Corticosterone (CORT), the principal glucocorticoid in rodents, is released after stressful experiences such as training with high foot-shock intensities in the inhibitory avoidance task (IA). CORT reaches the glucocorticoid receptor (GR) located in almost all brain cells; the GR is subsequently phosphorylated at serine 232 (pGRser232). This has been reported as an indicator of ligand-dependent activation of the GR, as well as a requirement for its translocation into the nucleus for its transcription factor activity. The GR is present in the hippocampus with a high concentration in CA1 and dentate gyrus (DG), and a smaller proportion in CA3, and sparsely present in the caudate putamen (CPu); both structures are involved in memory consolidation of IA. To study the participation of CORT in IA, we quantified the ratio of pGR-positive neurons in both dorsal hippocampus (CA1, CA3 and DG) and dorsal and ventral regions of CPu of rats trained in IA, using different foot-shock intensities.
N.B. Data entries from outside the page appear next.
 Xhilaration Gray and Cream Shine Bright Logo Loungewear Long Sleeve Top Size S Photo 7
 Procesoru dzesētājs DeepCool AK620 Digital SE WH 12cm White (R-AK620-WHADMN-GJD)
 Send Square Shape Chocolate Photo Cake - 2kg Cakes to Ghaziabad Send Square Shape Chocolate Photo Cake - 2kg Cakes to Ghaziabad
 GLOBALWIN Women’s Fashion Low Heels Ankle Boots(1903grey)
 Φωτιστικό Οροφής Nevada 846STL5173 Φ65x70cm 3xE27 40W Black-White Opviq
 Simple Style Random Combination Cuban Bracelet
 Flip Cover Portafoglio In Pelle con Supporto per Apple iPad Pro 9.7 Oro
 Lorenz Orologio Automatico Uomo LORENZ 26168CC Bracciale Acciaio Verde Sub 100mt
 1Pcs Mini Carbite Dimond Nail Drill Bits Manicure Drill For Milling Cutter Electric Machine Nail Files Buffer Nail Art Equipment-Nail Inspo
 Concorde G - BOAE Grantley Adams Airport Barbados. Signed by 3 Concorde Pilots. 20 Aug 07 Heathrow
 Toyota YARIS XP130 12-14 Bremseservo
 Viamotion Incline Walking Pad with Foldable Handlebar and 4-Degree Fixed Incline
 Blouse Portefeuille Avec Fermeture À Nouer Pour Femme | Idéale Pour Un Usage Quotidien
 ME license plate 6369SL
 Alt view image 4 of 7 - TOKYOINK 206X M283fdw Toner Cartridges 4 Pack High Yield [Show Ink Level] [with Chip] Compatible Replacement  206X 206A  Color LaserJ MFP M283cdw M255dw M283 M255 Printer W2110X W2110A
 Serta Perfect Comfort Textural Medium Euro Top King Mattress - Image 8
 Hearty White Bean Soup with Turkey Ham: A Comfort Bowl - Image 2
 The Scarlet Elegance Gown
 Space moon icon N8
Brains were dissected 60 min after training for immunodetection of pGRser232 positive cells. The results show that the groups trained with 1.0 and 2.0 mA had higher retention latencies than the 0.0 mA or 0.5 mA groups. An increase in the ratio of pGR-positive neurons was found in CA1 and ventral region of CPu only for the 2.0 mA trained group. These findings suggest that activation of GRs in CA1 and ventral CPu is involved in the consolidation of a stronger memory of IA, possibly through the modulation of gene expression.